Islam & Science: The principles of Islamic faith 2/5
The presumed difficulty that Islam faces in its relationship with reason, was recently summarized, with great talent and large impact, by the famous lecture given by Pope Benedict XVI in Regensburg, on September the 18th, 2006, in front of an audience of “representatives of science” — the detail has its importance for the issue we are addressing here. In an attempt to propose a new vision to secularized Europe, the Holy Father explained what he considered the specific feature of Christianity. For him, it is not surprising that modern science and reasonable behaviours developed in countries where Christianity was predominant. As a matter of fact, this lecture triggered strong reactions in the Islamic world because Islam was used as a sort of counter-example, a religion in which the absence of reason and the presence of violence are interwoven.
According to the Pope, “For Muslim teaching, God is absolutely transcendent. His will is not bound up with any of our categories, even that of rationality.” After this Regensburg lecture, there were exchanges between the Islamic world and the Holy See, requests for apologies on one side, and statements that the lecture was misunderstood on the other side. Here, I would like to address the issue raised by the Holy Father very much where he left it, and to answer positively to the calls for dialogue that were eventually heard on both sides.
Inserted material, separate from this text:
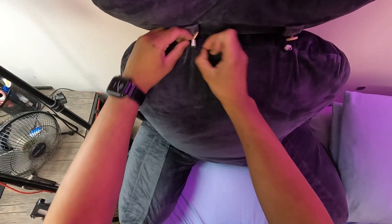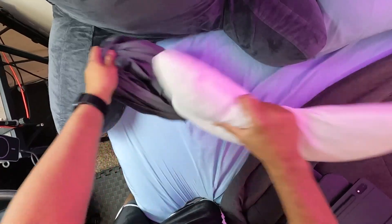And if you are worried about cleaning it, don't be. The cover can be easily unzipped and put in the washing machine for cleaning.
As a matter of fact, I think the issue stems from the idea we have about God. When the Pope writes, after many other authors, “for Muslim teaching, God is absolutely transcendent”, he understands this sentence in the following way: “For Muslims, God is only transcendent”. Is the God of Islam different from the God of Christianity? It is not the Muslims’ opinion. For them, Allah, a word that etymologically means “The God”, is not the name of the Muslims’ God. It is the Arabic name of the One God, the God of all humanity, worshipped by Jews, Christians, and Muslims.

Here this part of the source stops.